FDC1004: Communication with FDC1004

FDC1004: Capacitive Sensing Sample Code

user4415766
Prodigy 20 points
Part Number: FDC1004
Other Parts Discussed in Thread: ENERGIA

Hi,

I am trying to use FDC1004 with Arduino and downloaded "Capacitive Sensing Microcontroller Sample Code (Energia)-1.1" from www.ti.com/.../toolssoftware.

I'm not sure "(float)lb3/1048576" part.
Does this mean lb3 is shifted right 20 bits?
Is not it shifting right 19 bits (=lb3/524288)?

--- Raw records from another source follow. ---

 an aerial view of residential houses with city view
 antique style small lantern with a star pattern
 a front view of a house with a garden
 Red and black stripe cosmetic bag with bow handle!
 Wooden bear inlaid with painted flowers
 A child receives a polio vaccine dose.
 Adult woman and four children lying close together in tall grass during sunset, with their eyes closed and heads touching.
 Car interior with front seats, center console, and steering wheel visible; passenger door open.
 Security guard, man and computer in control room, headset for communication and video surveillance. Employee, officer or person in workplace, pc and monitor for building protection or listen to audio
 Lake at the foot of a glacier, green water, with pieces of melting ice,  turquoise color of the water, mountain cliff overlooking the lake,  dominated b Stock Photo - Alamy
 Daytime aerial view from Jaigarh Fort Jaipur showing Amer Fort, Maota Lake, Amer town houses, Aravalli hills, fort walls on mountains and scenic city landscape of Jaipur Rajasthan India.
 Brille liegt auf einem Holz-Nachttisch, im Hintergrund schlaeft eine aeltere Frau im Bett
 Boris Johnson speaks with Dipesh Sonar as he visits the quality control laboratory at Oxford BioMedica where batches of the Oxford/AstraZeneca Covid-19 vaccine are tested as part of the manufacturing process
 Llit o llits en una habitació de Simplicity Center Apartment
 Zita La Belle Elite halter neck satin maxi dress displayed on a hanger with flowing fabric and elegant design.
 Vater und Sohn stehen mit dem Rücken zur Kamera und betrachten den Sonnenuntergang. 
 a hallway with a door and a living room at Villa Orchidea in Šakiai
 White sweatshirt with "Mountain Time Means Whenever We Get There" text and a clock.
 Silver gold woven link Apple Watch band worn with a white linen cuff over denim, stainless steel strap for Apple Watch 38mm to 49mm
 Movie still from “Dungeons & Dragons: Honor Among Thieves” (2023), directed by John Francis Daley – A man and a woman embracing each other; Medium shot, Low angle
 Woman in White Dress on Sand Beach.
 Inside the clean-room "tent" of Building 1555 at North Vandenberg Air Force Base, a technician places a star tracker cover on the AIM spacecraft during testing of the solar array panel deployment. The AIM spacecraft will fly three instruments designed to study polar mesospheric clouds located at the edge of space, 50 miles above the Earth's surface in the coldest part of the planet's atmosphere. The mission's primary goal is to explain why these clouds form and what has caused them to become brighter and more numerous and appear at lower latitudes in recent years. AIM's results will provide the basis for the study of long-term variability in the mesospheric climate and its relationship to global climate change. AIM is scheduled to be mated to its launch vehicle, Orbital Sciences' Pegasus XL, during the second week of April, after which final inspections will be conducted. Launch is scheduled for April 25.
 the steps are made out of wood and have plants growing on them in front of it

Below are from sample code
-----------
// Below are the calculations to take the 24-bit measurement and convert into capacitance for MEAS1
// * From datasheet: p.16 Section 8.6.1.1 shows the formula (all we need to do is shift the 24-bit value right by 19)
// ** Shifting by 19 takes a 24 bit number and makes it a 5 bit number with 19 bits after the decimal point
lbb1 = lb1*256 + lb2; // Puts 16 most significant bits into one integer for left sensor measurement
lbb2 = lbb1>>11; // Sets lbb2 to the 5 bits that exist before the decimal point
lbb3 = 0b0000011111111111 & lbb1; // Sets lbb3 to the 11 bits that exist after the decimal point
Serial.print("LEFT CAP: ");
Serial.print(lbb2 + (float)lbb3/2048 +(float)lb3/1048576, 4); // Performs an algorithm to assign bit values and add components
Serial.print(" pF ");
--------------

Thank you for your help.

  • 0
    TI__Guru 58641 points
    Hi,

    lb3 is defined as byte.
    In this part above it is casted to float and the devided by 1048576. This can only result in a fractional number lower then 1. So left shifting is not doing the right job here.

    Regards,
    Stefan
  • 0 in reply to Stefan Schauer
    TI__Guru 58641 points
    Hi,
    i think i got your real question and problem now and i agree that the divide should be by 524288.
    This is only the few from the Energia perspective but i am not the expert for the FDC1004.

    Regards,
    Stefan
  • 0 in reply to Stefan Schauer
    TI__Expert 3462 points

    Hello!

    Thank you for reaching out about this! I do apologize for the delay in the respond as I had to re-familiarize myself with what the code doing - this was almost four years ago.

    You are correct that the last term of the Serial.print statement should be lb3/524288. This would mean it is 19 bits shifted, not 20.

    One note I will make is that this term if it is 0b11111111 that will result in a capacitance value change of 0.0004pF or 400 aF. This is such a small change that you should still be able to use this sample code as the capacitance reading till the 1/1000ths place is correct.

    Thanks again for digging into the code and catching this!

    Reed

  • 0 in reply to ReedKacz
    Prodigy 20 points

    It's clear now.

    Thank you!